So what is it, really?


Malassezia folliculitis happens when there is a growth of excess yeast within the hair follicles, causing an imbalance in the bacteria-to-fungus ratio in our skin. The yeast, known as Malassezia, is a kind of fungi that are naturally found on our skin. This causes acne-like bumps to appear on the areas we’ve mentioned. "High yeast levels promote inflammation, which, in turn, manifest on the skin as pus bumps," according to Allure. Because it’s yeast-caused, tropical weather like that in Southeast Asia is the perfect environment for yeast growth. Since it’s also a fungus, it can be contagious.


Woman's Back in Bathtub


It differs from bacterial acne in that fungal acne is an inflammation of the hair follicle. Its placement on parts of the upper body and a noticeable intense itching in those areas also differentiate it from regular zits.
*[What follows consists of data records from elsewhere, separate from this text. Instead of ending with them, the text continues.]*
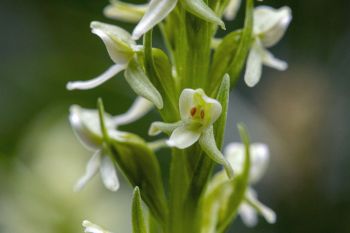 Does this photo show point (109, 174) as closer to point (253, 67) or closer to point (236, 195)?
point (236, 195)

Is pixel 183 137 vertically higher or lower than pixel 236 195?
higher

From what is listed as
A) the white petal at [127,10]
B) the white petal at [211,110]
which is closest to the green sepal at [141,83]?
the white petal at [211,110]

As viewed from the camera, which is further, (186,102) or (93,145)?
(93,145)

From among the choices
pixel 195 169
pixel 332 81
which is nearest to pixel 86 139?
pixel 195 169

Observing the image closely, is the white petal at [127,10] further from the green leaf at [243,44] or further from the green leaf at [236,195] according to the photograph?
the green leaf at [236,195]

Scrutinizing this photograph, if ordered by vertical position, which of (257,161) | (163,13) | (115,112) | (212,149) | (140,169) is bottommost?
(115,112)

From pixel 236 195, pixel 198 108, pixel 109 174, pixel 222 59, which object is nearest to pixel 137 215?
pixel 109 174

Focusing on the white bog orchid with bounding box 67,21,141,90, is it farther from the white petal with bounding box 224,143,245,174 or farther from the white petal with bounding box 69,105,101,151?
the white petal with bounding box 224,143,245,174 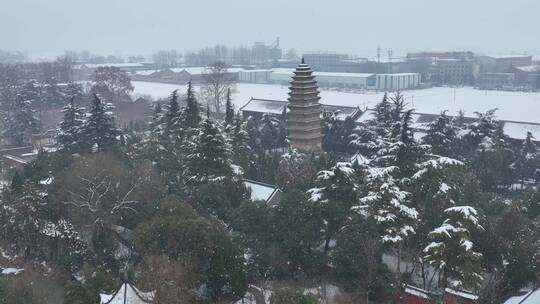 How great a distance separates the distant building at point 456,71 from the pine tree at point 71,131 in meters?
63.5

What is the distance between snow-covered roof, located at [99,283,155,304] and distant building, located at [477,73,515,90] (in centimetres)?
6902

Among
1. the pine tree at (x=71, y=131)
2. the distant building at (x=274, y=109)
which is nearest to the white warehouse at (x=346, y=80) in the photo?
the distant building at (x=274, y=109)

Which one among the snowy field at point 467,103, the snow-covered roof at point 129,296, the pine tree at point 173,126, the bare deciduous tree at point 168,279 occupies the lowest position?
the snow-covered roof at point 129,296

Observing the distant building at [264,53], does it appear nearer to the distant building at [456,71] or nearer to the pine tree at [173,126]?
the distant building at [456,71]

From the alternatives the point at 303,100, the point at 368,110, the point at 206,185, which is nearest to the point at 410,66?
the point at 368,110

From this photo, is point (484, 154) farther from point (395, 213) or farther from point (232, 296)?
point (232, 296)

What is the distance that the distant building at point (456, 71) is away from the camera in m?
79.9

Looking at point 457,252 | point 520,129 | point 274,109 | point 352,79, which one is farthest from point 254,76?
point 457,252

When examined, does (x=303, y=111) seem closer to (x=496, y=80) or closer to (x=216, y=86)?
(x=216, y=86)

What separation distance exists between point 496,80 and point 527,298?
67.4 m

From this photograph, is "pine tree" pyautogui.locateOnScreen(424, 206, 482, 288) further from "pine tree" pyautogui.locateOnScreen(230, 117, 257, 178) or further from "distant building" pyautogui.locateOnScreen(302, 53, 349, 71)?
"distant building" pyautogui.locateOnScreen(302, 53, 349, 71)

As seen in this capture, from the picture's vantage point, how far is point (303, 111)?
30219 mm

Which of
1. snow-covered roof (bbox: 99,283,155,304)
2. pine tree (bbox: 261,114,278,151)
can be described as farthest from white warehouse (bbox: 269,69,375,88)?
snow-covered roof (bbox: 99,283,155,304)

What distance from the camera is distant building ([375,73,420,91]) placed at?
73312mm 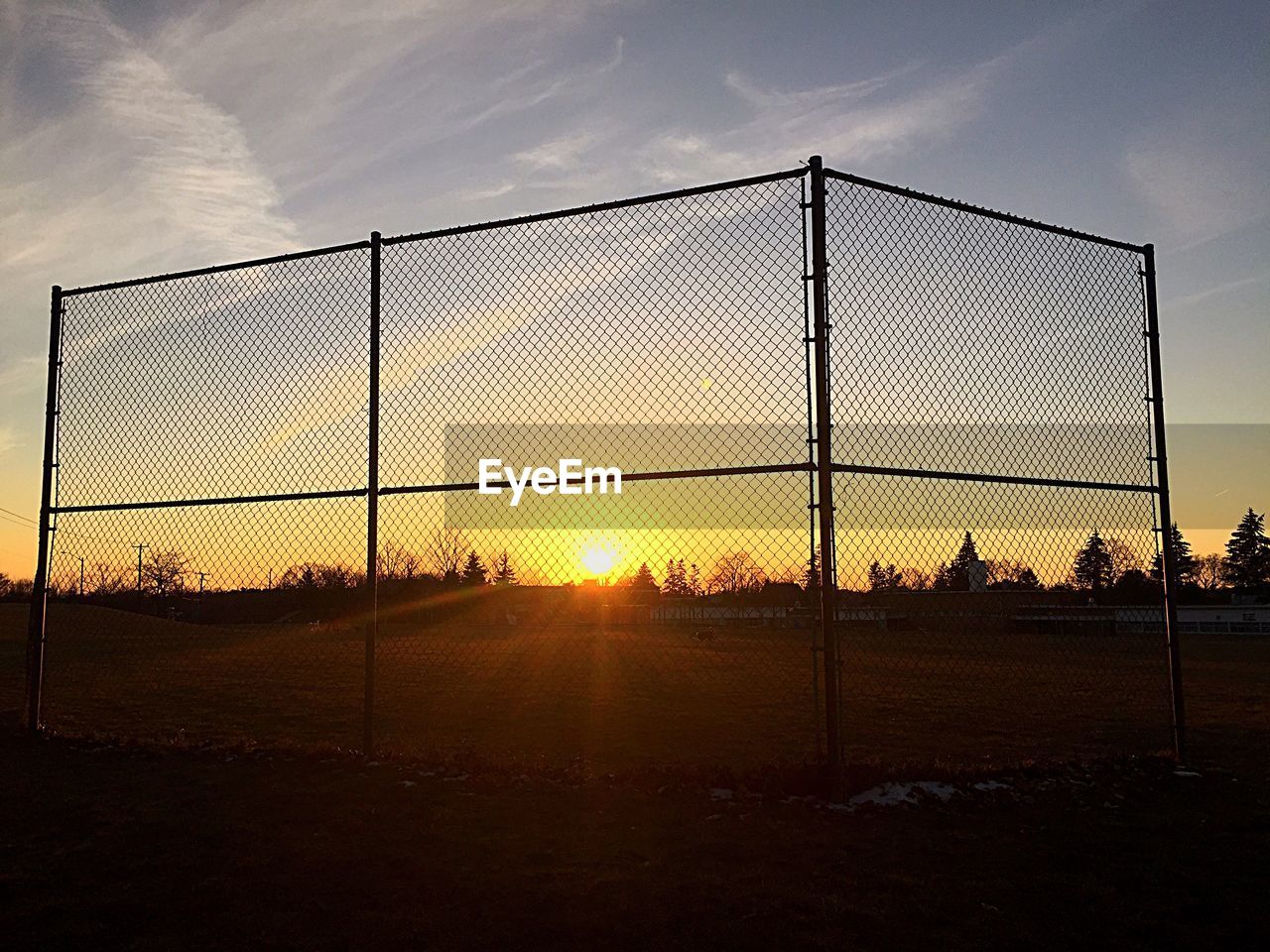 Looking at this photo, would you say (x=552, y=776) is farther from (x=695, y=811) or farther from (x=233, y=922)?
(x=233, y=922)

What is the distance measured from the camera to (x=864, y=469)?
554cm

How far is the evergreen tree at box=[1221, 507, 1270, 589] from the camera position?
277ft

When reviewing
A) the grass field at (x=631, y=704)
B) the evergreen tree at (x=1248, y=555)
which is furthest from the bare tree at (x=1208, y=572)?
the grass field at (x=631, y=704)

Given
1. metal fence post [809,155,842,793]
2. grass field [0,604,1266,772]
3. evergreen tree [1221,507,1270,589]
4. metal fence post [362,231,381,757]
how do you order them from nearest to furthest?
metal fence post [809,155,842,793], metal fence post [362,231,381,757], grass field [0,604,1266,772], evergreen tree [1221,507,1270,589]

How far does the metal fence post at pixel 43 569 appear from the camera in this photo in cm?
750

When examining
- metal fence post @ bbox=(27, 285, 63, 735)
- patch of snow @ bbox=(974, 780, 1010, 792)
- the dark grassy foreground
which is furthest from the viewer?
metal fence post @ bbox=(27, 285, 63, 735)

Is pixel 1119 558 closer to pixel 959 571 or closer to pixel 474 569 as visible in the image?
pixel 959 571

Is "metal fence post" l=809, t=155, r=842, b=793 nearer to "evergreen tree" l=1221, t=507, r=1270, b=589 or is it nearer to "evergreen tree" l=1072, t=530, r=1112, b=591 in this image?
"evergreen tree" l=1072, t=530, r=1112, b=591

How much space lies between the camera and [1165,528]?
6547 millimetres

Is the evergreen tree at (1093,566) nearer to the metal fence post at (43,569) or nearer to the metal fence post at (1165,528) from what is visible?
the metal fence post at (1165,528)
Fungal acne is most often caused by wearing tight and restrictive clothing or sweating in your clothes and not showering right away, like after a workout, for example.

What does it look like?


The difficulty here is that it really does look like a regular pimple breakout. Look for clusters of small whiteheads, so small they can be a millimetre in size. As mentioned, they would primarily appear on your chest, back, and upper arms.


How do you treat it?


It’s always best to consult a dermatologist. They may prescribe something as simple as a body wash to oral medication depending on how bad your case is. If it doesn’t clear up after several weeks, you may be prescribed with anti-fungal medication.


How do you prevent it?


Woman Exercising in Gym


You can prevent fungal acne by cleansing your skin immediately and thoroughly after a sweat sesh, especially after workouts or scuba diving where you wear tight clothing. Change into clean and loose clothes, so your skin can breathe. Using a salicylic acid cleanser while showering can help remove excess oil and dirt from the skin — two things that promote yeast growth. If you don’t have time for a full shower, keep some cleansing towelettes with an exfoliating ingredient inside your bag for a quick wipedown.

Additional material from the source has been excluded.